*** Begin section ***

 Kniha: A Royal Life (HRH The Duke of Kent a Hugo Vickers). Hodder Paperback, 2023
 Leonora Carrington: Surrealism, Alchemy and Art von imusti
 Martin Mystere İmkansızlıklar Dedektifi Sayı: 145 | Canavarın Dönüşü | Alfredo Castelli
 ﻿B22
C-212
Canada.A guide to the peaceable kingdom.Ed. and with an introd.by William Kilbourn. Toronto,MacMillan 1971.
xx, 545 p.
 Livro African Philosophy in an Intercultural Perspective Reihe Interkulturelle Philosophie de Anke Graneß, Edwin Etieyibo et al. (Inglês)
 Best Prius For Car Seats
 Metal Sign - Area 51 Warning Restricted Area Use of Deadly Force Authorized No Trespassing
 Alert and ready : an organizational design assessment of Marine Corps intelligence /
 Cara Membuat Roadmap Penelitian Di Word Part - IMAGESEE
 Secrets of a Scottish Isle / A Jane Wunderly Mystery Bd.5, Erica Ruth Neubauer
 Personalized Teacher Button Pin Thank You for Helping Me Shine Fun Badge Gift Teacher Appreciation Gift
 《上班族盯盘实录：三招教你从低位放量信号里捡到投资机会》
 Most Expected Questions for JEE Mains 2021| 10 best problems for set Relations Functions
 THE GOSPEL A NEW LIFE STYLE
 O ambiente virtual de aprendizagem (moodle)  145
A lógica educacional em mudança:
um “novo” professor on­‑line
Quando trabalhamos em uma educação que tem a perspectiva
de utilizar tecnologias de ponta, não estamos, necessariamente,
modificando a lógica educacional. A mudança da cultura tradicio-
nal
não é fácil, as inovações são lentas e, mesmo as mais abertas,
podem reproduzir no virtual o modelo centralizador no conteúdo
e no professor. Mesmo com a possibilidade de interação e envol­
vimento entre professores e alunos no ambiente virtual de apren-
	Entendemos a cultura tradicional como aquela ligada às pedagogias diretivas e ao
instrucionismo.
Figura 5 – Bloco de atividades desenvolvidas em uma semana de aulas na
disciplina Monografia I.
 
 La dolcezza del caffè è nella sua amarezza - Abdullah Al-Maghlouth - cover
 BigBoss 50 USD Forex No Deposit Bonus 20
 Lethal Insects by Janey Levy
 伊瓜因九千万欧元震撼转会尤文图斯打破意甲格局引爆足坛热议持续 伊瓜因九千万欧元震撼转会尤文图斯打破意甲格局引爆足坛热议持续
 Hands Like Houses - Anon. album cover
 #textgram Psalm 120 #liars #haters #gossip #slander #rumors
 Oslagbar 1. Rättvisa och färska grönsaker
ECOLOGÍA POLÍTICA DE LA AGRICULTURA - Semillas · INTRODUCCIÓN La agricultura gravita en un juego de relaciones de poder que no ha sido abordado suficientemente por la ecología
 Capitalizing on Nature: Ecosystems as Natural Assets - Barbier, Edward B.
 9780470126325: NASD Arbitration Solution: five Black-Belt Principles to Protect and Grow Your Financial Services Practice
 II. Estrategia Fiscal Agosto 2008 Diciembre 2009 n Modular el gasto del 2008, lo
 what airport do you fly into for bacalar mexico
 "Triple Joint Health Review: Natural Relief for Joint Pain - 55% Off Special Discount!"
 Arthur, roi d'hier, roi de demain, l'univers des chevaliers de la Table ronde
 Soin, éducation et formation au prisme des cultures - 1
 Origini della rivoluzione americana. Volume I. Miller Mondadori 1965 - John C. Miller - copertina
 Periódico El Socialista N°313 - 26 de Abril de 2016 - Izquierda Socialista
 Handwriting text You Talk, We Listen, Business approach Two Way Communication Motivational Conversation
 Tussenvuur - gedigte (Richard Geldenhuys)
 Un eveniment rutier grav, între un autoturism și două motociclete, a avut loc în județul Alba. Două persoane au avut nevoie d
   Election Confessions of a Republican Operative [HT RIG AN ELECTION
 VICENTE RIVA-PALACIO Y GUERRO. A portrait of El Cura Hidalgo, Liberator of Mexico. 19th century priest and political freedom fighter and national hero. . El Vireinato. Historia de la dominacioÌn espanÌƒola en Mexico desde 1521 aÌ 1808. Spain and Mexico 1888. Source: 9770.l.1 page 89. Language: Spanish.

*** End section ***

Prompt: Copy out each line in the listing that has the word "ambiente".

Response to this exercise:
 O ambiente virtual de aprendizagem (moodle)  145
vimento entre professores e alunos no ambiente virtual de apren-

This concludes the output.